Itsara Andy, Cooper Gregory M, Baker Carl, Girirajan Santhosh, Li Jun, Absher Devin, Krauss Ronald M, Myers Richard M, Ridker Paul M, Chasman Daniel I, Mefford Heather, Ying Phyllis, Nickerson Deborah A, Eichler Evan E
Department of Genome Sciences, School of Medicine, University of Washington, Seattle, WA 98195, USA.
Am J Hum Genet. 2009 Feb;84(2):148-61. doi: 10.1016/j.ajhg.2008.12.014. Epub 2009 Jan 22.
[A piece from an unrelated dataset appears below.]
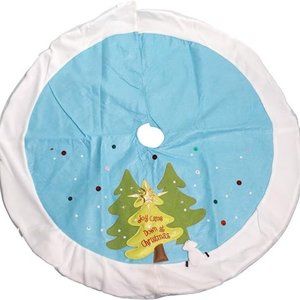 Joy Came Down at Christmas Felt Christmas Tree Skirt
Copy number variants (CNVs) contribute to human genetic and phenotypic diversity. However, the distribution of larger CNVs in the general population remains largely unexplored. We identify large variants in approximately 2500 individuals by using Illumina SNP data, with an emphasis on "hotspots" prone to recurrent mutations. We find variants larger than 500 kb in 5%-10% of individuals and variants greater than 1 Mb in 1%-2%. In contrast to previous studies, we find limited evidence for stratification of CNVs in geographically distinct human populations. Importantly, our sample size permits a robust distinction between truly rare and polymorphic but low-frequency copy number variation. We find that a significant fraction of individual CNVs larger than 100 kb are rare and that both gene density and size are strongly anticorrelated with allele frequency. Thus, although large CNVs commonly exist in normal individuals, which suggests that size alone can not be used as a predictor of pathogenicity, such variation is generally deleterious. Considering these observations, we combine our data with published CNVs from more than 12,000 individuals contrasting control and neurological disease collections. This analysis identifies known disease loci and highlights additional CNVs (e.g., 3q29, 16p12, and 15q25.2) for further investigation. This study provides one of the first analyses of large, rare (0.1%-1%) CNVs in the general population, with insights relevant to future analyses of genetic disease.
拷贝数变异(CNV)对人类遗传和表型多样性有贡献。然而,一般人群中较大CNV的分布在很大程度上仍未被探索。我们通过使用Illumina SNP数据在约2500名个体中鉴定大变异,重点关注易于发生反复突变的“热点”。我们发现5%-10%的个体存在大于500 kb的变异,1%-2%的个体存在大于1 Mb的变异。与先前的研究不同,我们发现地理上不同的人类群体中CNV分层的证据有限。重要的是,我们的样本量允许对真正罕见的和多态但低频的拷贝数变异进行有力区分。我们发现大于100 kb的个体CNV中有很大一部分是罕见的,并且基因密度和大小都与等位基因频率强烈负相关。因此,尽管大CNV通常存在于正常个体中,这表明不能仅以大小作为致病性的预测指标,但这种变异通常是有害的。考虑到这些观察结果,我们将我们的数据与来自超过12,000名对照和神经疾病患者的已发表CNV数据相结合。该分析确定了已知的疾病位点,并突出了其他需要进一步研究的CNV(例如,3q29、16p12和15q25.2)。这项研究首次对一般人群中大型、罕见(0.1%-1%)的CNV进行了分析,为未来的遗传疾病分析提供了相关见解。